Creato il 20 gennaio 2011 da Lucabilli
Non è la prima volta che parlo di persone che vivono - o sopravvivono - grazie ai rifiuti: se volete, potete leggere la "considerazione" nr. 111. Lo scorso 11 gennaio è uscito su The New York Times un bell'articolo di John Leland sui disperati di Nasr City.

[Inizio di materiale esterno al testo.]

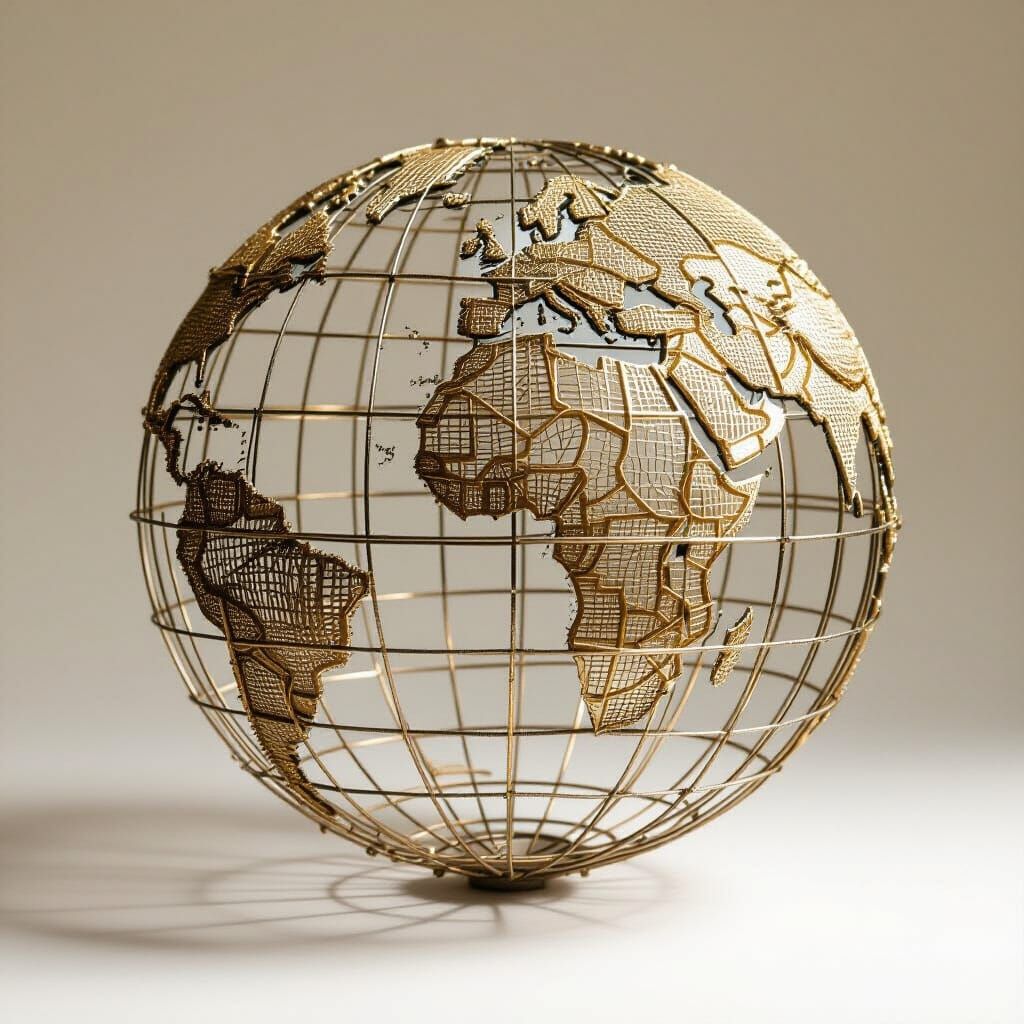 Fragile Wire Earth Sculpture with Geometric Patterns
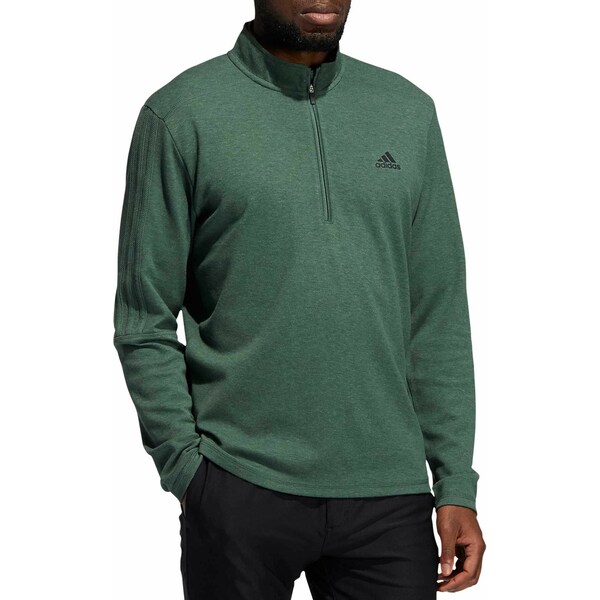 アディダス メンズ ジャケット＆ブルゾン アウター adidas Men's 3-Stripes Quarter Zip Golf Pullover Green Oxide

Nasr City è uno dei più grandi insediamenti abusivi nati intorno a Baghdad dopo l'invasione statunitense del 2003. Alcune centinaia di migliaia di persone sono state costrette ad andare a vivere in alloggi di fortuna, spesso costruiti da loro stessi con lamiere o pezzi di legno, a causa delle guerre, dei conflitti religiosi ed etnici, della crisi economica. In Iraq non esiste un censimento ufficiale né tantomeno è possibile avere dati certi su quante persone vivono in posti come Nasr City. Quelli che ci abitano pensano di essere almeno mezzo milione, mentre il governatore della regione di Baghdad stima in 600mila gli sfollati nei 42 campi abusivi intorno alla città, ma quest'ultimo dato è probabilmente calcolato per difetto. Visto che Nasr City ufficialmente non esiste, non ci sono elettricità, acqua potabile e fognature, così come mancano scuole e presidi sanitari; le forze di polizia non entrano nell'insediamento.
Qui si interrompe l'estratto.